In 2016, the Jacksonville City Council — after 13 years – audited this ongoing relationship between the Loblolly Mitigation Preserve [LMP] and the city.
Long story short, the audit should have happened much sooner. The city is short $4.71 million as a result, and the auditor’s office encourages amendments to the agreement, and urges this city to pursue all remedies.
The skinny on this deal: “On December 3, 2003, LMP acquired the land from a developer at a price of $12,250,000. That same day, the city purchased the land from LMP for $17,444,900. The purpose of the purchase and the Use Agreement was to make 384 wetland credits available to the city to be used in offsetting wetland impacts created by the numerous roadway and drainage projects that the city was going to be undertaking. Rather than purchase the credits outright, the city opted to invest in a mitigation bank that was anticipated to be able to produce excess credits beyond the city’s needs. Additionally, LMP was to provide the city excess mitigation credits beyond the 384 credits.”

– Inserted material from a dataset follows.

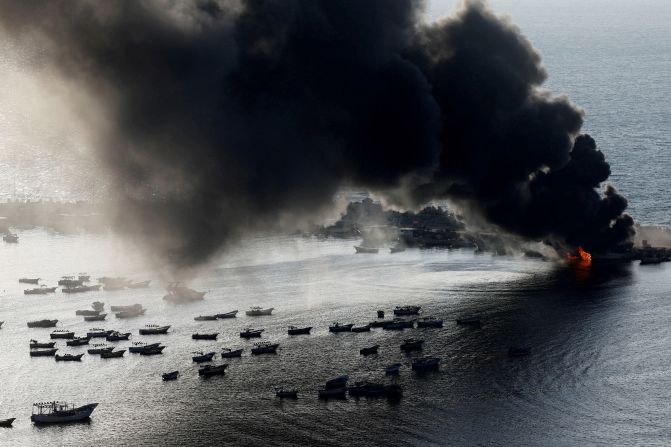 Smoke rises after Israeli strikes on the seaport of Gaza City on Tuesday, October 10.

The council auditor’s report says that the city has benefited from the deal, both in terms of receiving wetlands credits and in revenue gains: “As of December 31, 2013, the city had received $25,741,686 in sales proceeds (after taking into account management fees paid to LMP) for a net gain of $8,296,786 from the initial $17,444,900 investment.”
However, the council auditor contends there have been issues, including lots of activity by the Loblolly Mitigation Preserve outside of the scope of the contract, and city oversight of the whole deal being subpar, which means, essentially, the city wasn’t actually verifying whether or not it has been properly compensated in this deal.
City credits, at times, were delivered late. LMP made credit sales without having credits to sell.
Essentially, the council auditor believes the city could be due $3 million to make it whole.
“The city should seek compensation of $2,123,124 for the improperly claimed credit sales … the city should seek compensation from LMP for the unauthorized trade between the city and LMP in the form of monetary reimbursement ($927,510) or credit replenishment,” the auditor’s report asserts.
Also disputed: excess management fees in the amount of $1,603,681 paid from the city to LMP, and a net under-compensation for credit sales of $27,237 from LMP to the city.
And still another issue: LMP overselling the credits, which the mayor’s office called “surprising and troubling” in the report.
“Because LMP did not have credits available for sale, LMP should have claimed a marketing fee rather than participating in the sale. With this understanding, LMP should have charged a marketing fee on 24 of the 202 (11.88 percent) city-involved credit sales. The application of this marketing fee is estimated to be $572,026 based on credit sale values at the time,” claimed the auditor’s report.
What looks certain: the Lenny Curry administration will have to renegotiate terms with LMP.